Les formes dont la spécificité est positive pour chacune des trois périodes considérées qui sont distinguées sont les suivantes, avec la fréquence totale de la forme F et la spécificité positive S+ :
5. Première période : les années 1975-1993
Les mots à consonance économique et sociale qui sont utilisés par le roi d’Espagne avec une répétition particulière sont peu nombreux : 5 formes spécifiques positives seulement.
‘esperanza’ et ‘Europa’ sont les formes notables de cette entrée dans la démocratie avec un coefficient de spécificité 4. Suivis des formes ‘trabajo’ et ‘empresa’ qui constituent un couple. Enfin, une forme moins attendue, ‘transformación’, qui désigne le changement global à la fois politique, mais aussi économique et social que connaît l’Espagne.
5.1. ‘esperanza’ (Fréquence = 46, spécificité = 4+)
Figure 4 : Extraits de la concordance de la forme ‘esperanza’-Corpus Navidad- Période 1.

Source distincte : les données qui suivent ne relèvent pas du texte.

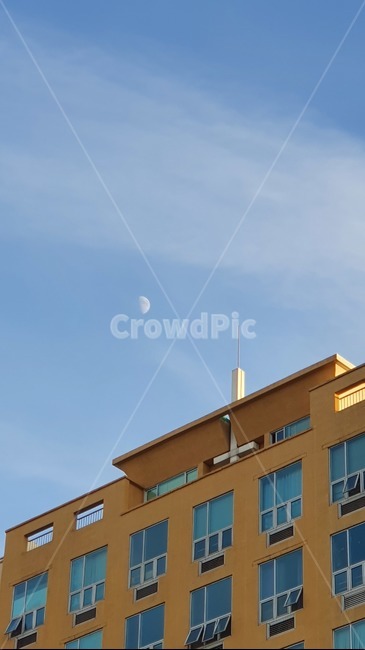 moon,sky,azuresky,자연,푸른하늘,하늘,구름,파란색,blue,달,건물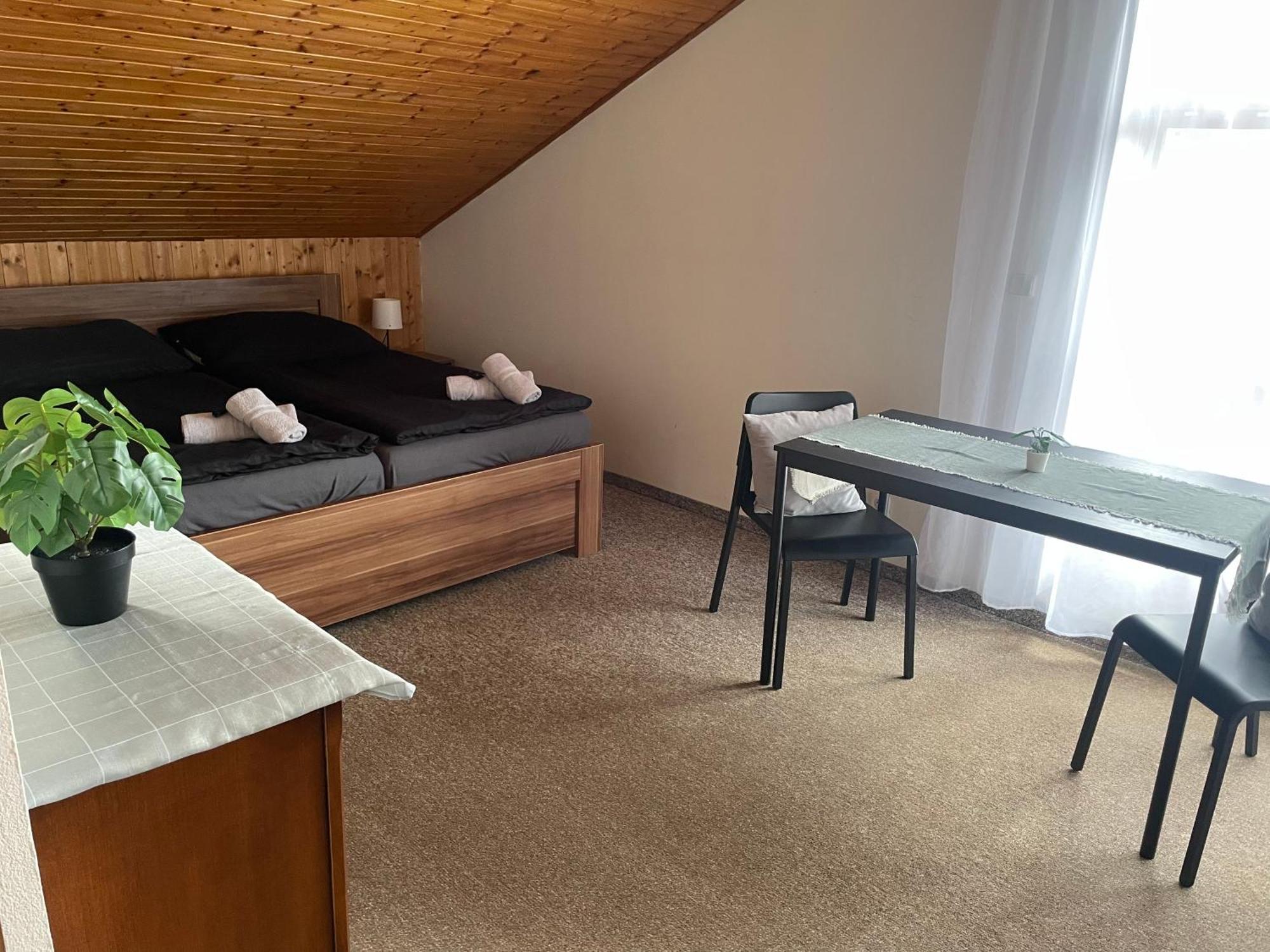 Hvezdonice Hostinec U Kuzelku Экстерьер фото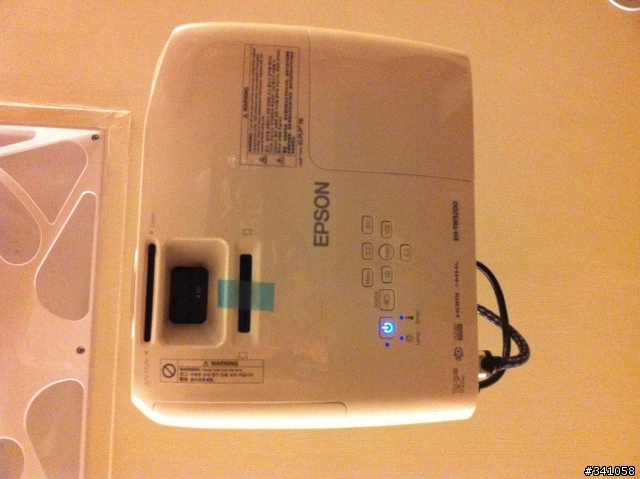 我家也有EPSON EH-TW5200囉... [開箱]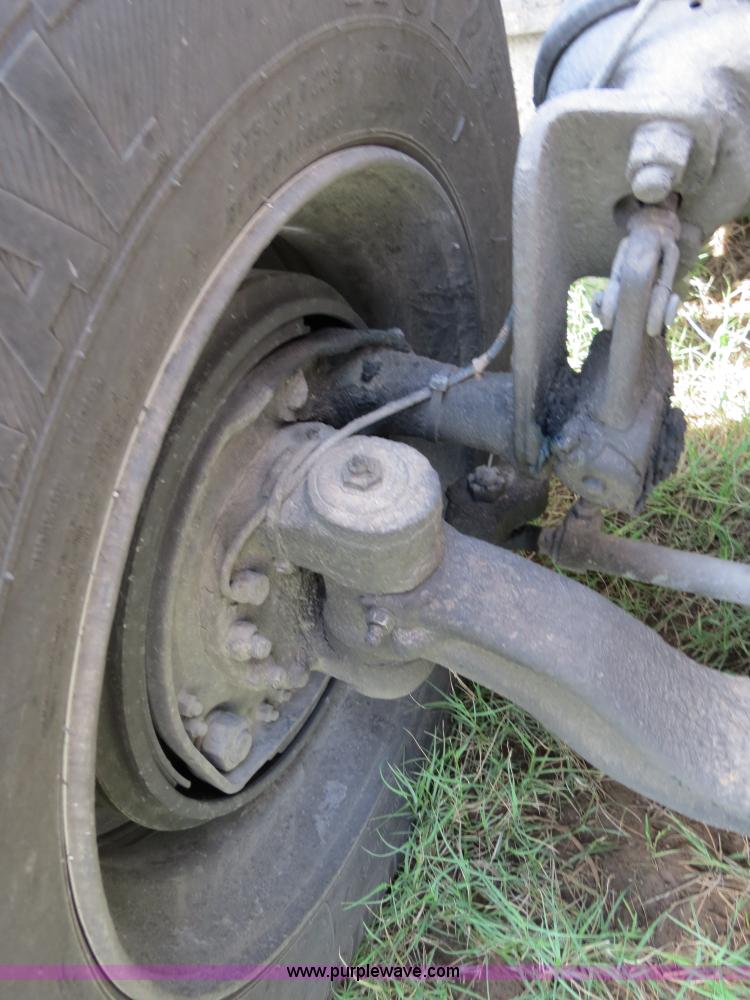 image for item B4522 1999 Peterbilt 377 semi truck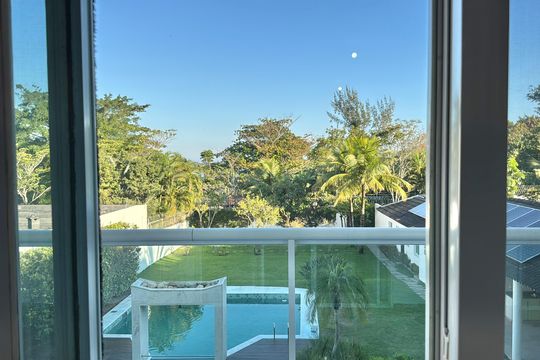 Varanda Suíte 4  de casa de condomínio para alugar com 5 quartos, 1030m² em Barra da Tijuca, Rio de Janeiro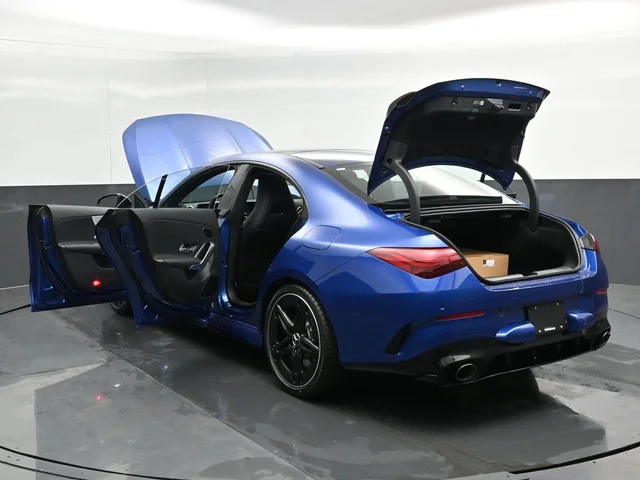 Nuevos MERCEDES-BENZ CLA à Estados chez autogozo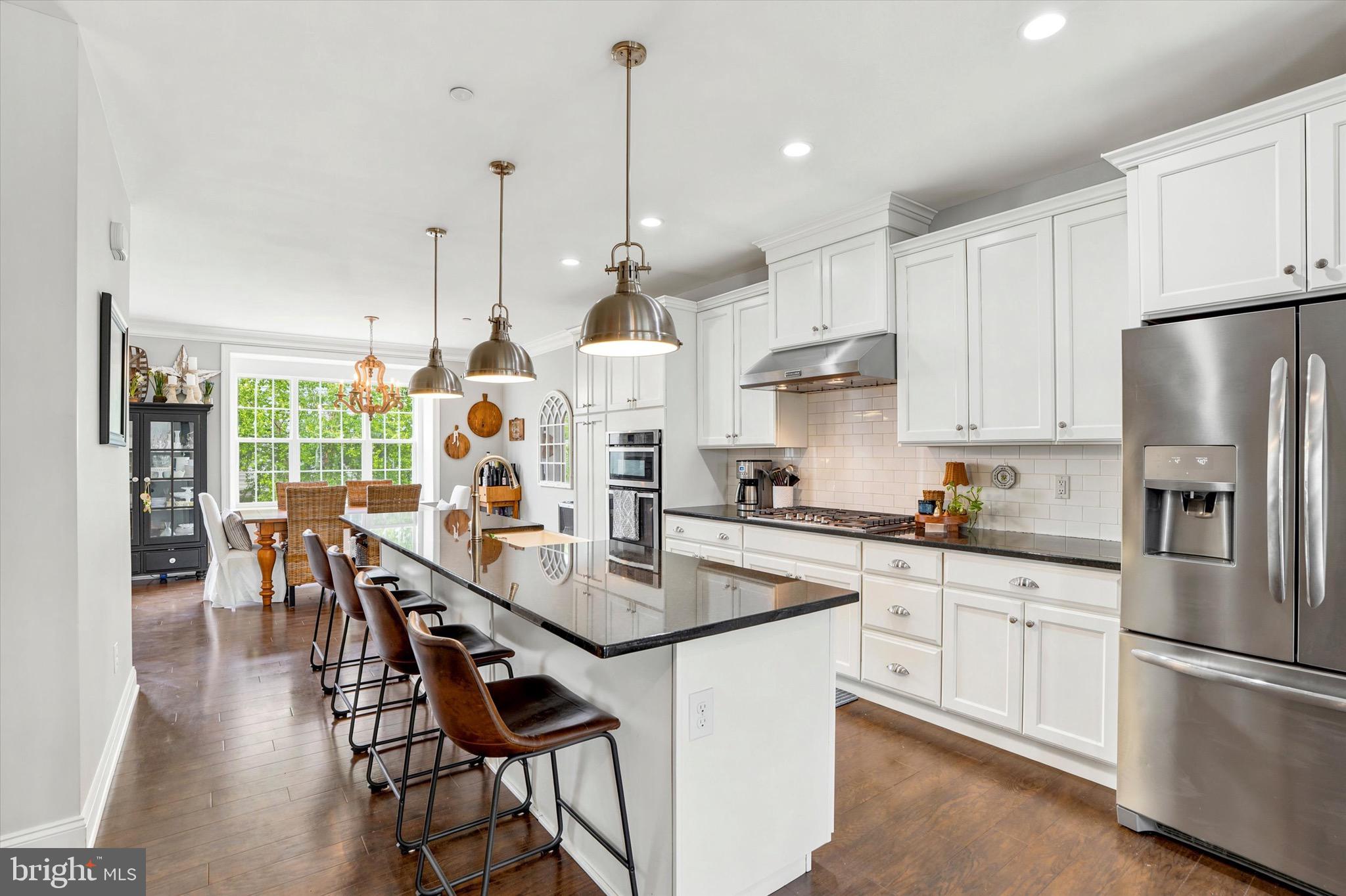 203 Corvus Circle Springfield, PA 19064 - Photo 10 of 41 Counter for 4-6 chairs
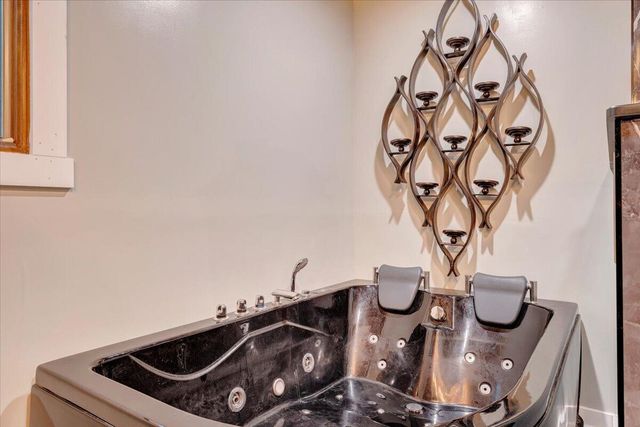 290 Silver Shadow RD, Hardy, VA 24101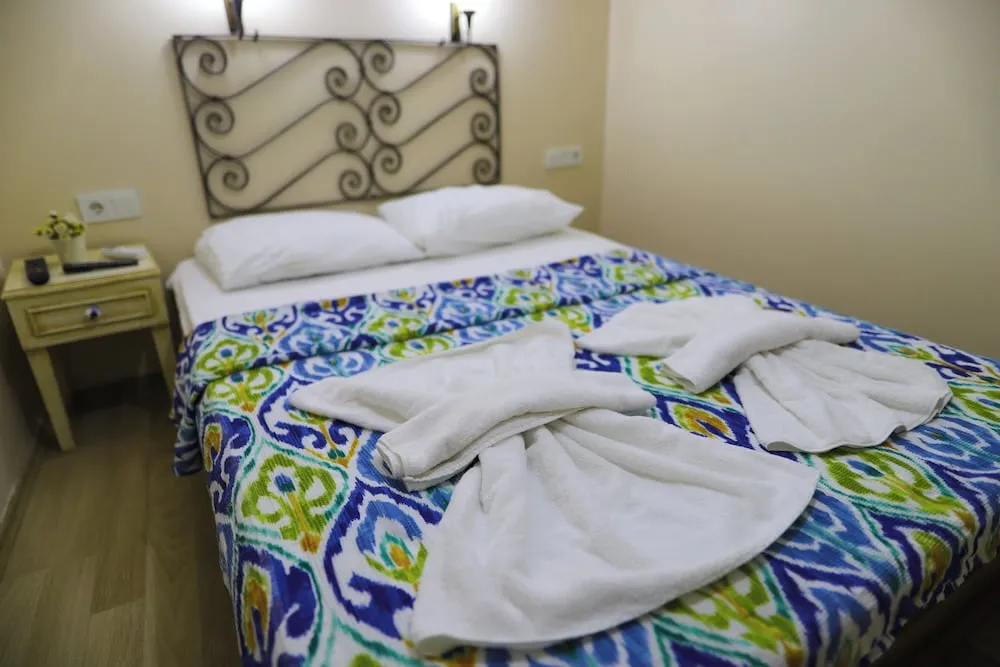 Standard Tek Büyük Yataklı Oda, Şehir Manzaralı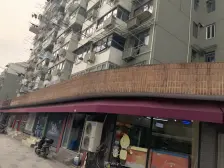 繁华地段、诚意出售、看房方便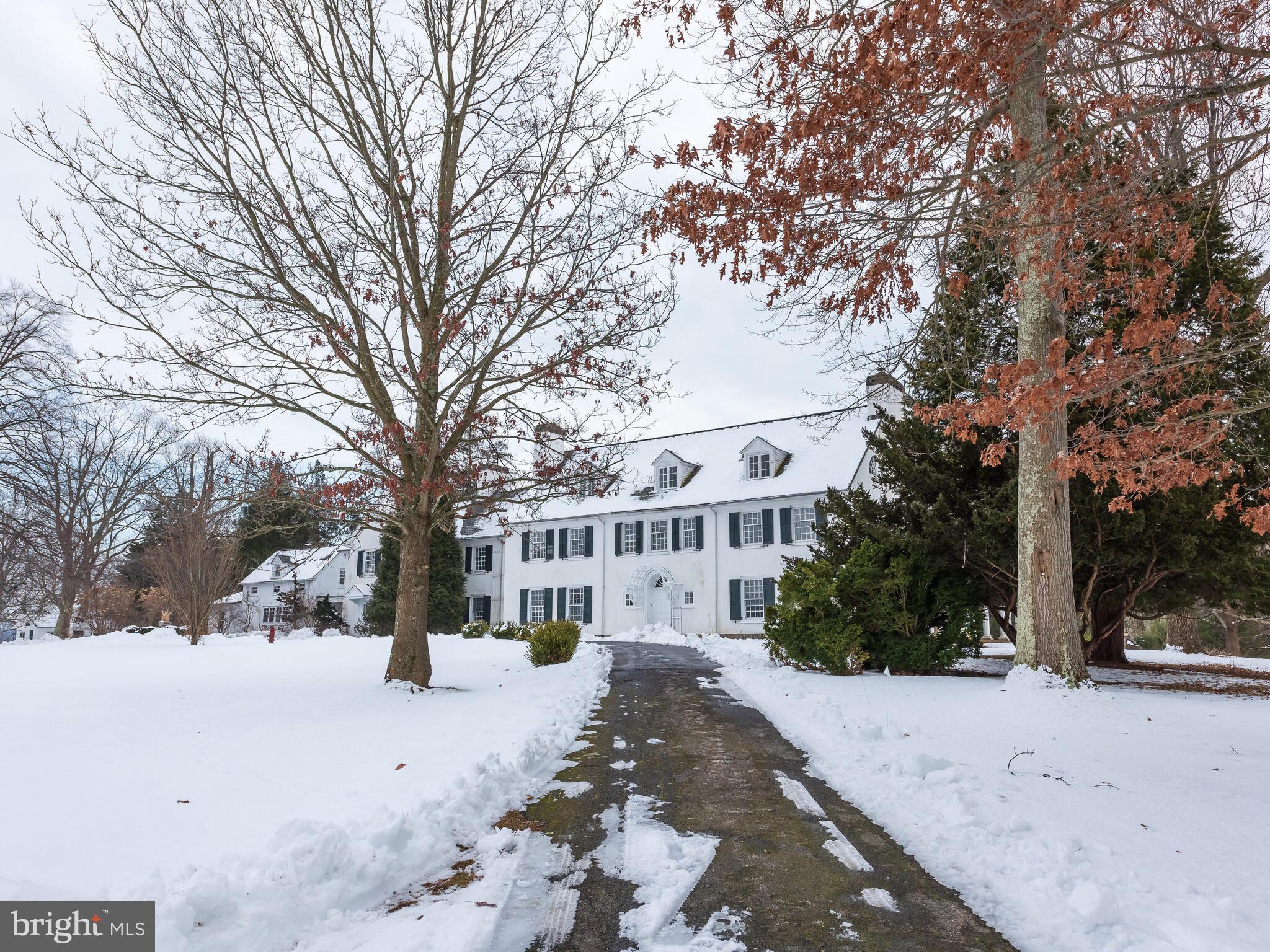 RADNOR HUNT - Residential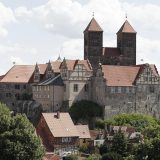 ドイツの世界遺産「クヴェートリンブルクの聖堂参事会教会、城と旧市街」を英語で。木組みの街を巡る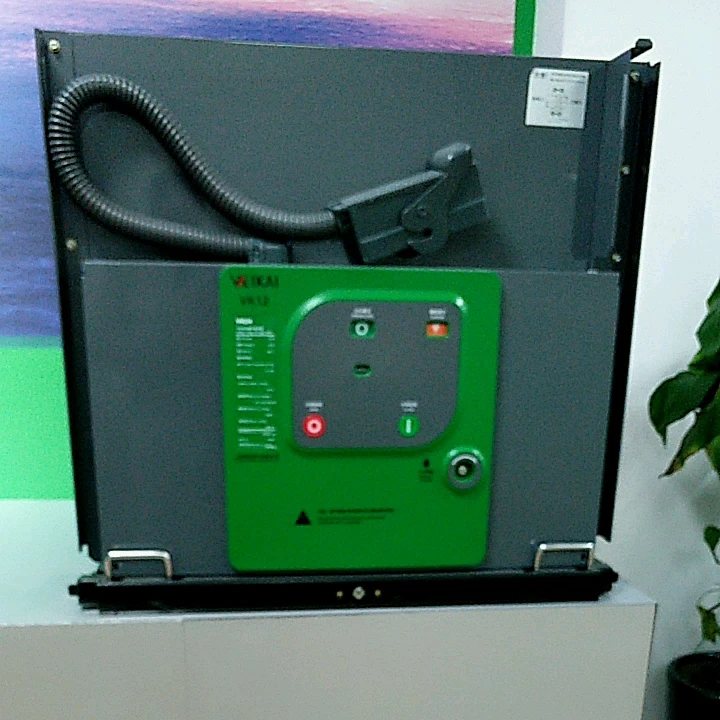 Vacuum circuit breaker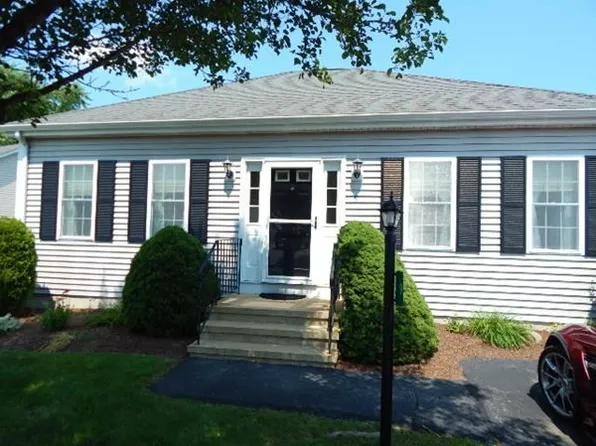 9 Woods Edge Rd, Lakeville, MA 02347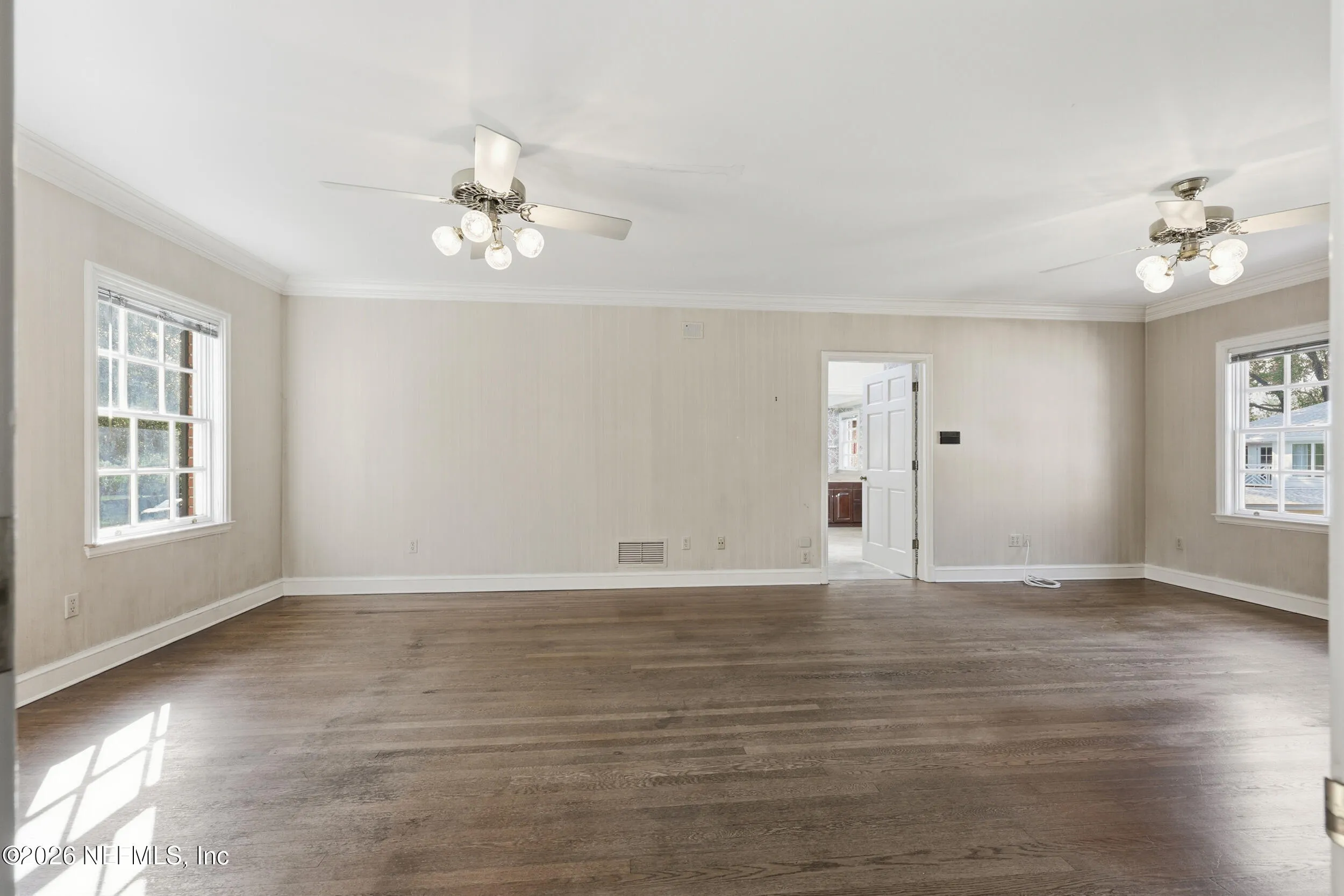 Jacksonville, Florida, 32207, United States, 6 Bedrooms Bedrooms, ,5 BathroomsBathrooms,Residential,Active,2009352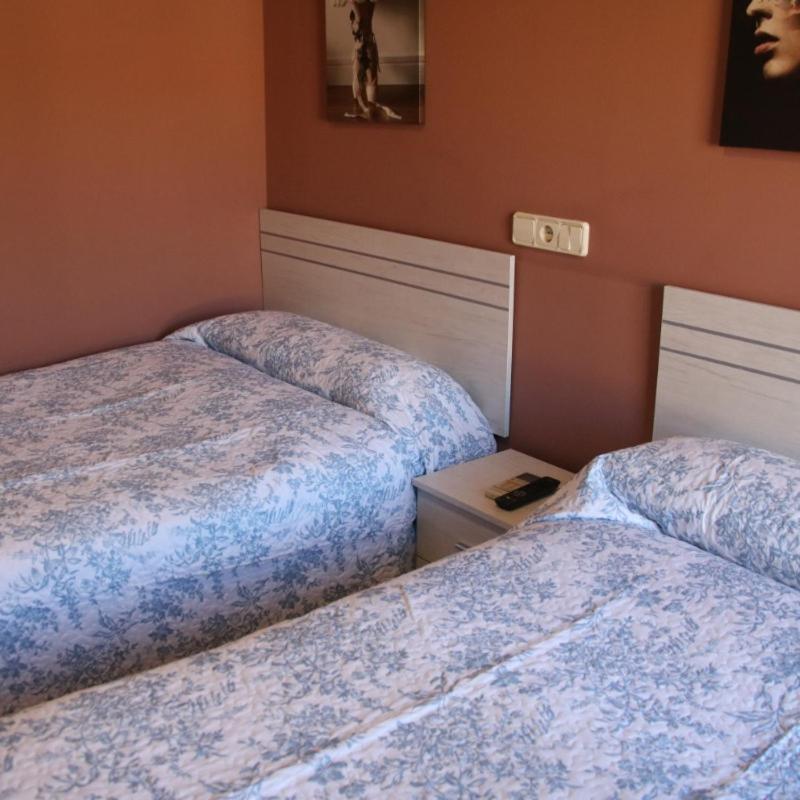 Hostal Burgales Milagro Kültér fotó
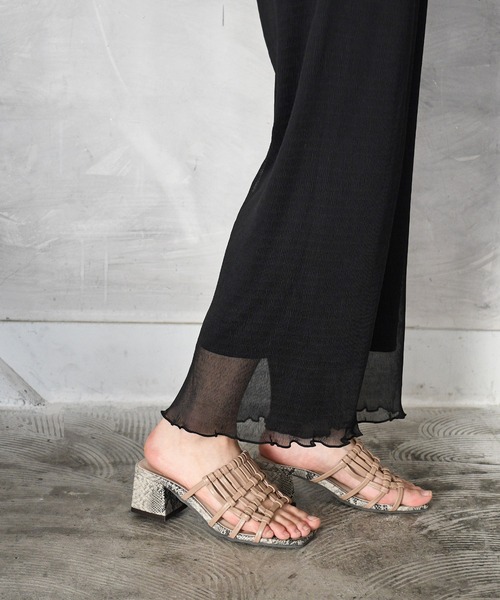 NOFALL（ノーフォール）の「スクエアトゥメッシュミュールサンダル（サンダル・レディース・ホワイト/ブラック/グレイッシュベージュ/ダークブラウン・LL/L/M/3L/S/SS）」の8枚目の写真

un futuro que podamos compartir sin miedo , con | esperanza | y con razón y en el que tengan cabida todos los derechos , |
nuestra capacidad de ilusión y mirar al porvenir con la | esperanza | que radica en nuestras propias fuerzas ¶ |
¶ Miremos todos hacia delante con decisión y con | esperanza | , con sentimientos de concordia y de unidad . ¶ |
¶ De la solidaridad y de la | esperanza | compartidas , nace la unión . ¶ |
¶ Esta solidaridad y esta | esperanza | , como antorchas de nuestro espíritu colectivo , se encienden |
, en la consolidacíón de la paz , en la | esperanza | creciente de lograr para España un destino mejor y más próspero |
Les contextes de cette forme singulière mettent en évidence deux significations principales : d’un côté, le nouveau cours politique est présenté comme le creuset d’un avenir radieux, sur tous les registres, y compris économique ; de l’autre, la solidarité entre les Espagnols et notamment au sein des familles souligne d’une tonalité chrétienne et plus traditionnelle cet engagement du roi pour le projet du pays.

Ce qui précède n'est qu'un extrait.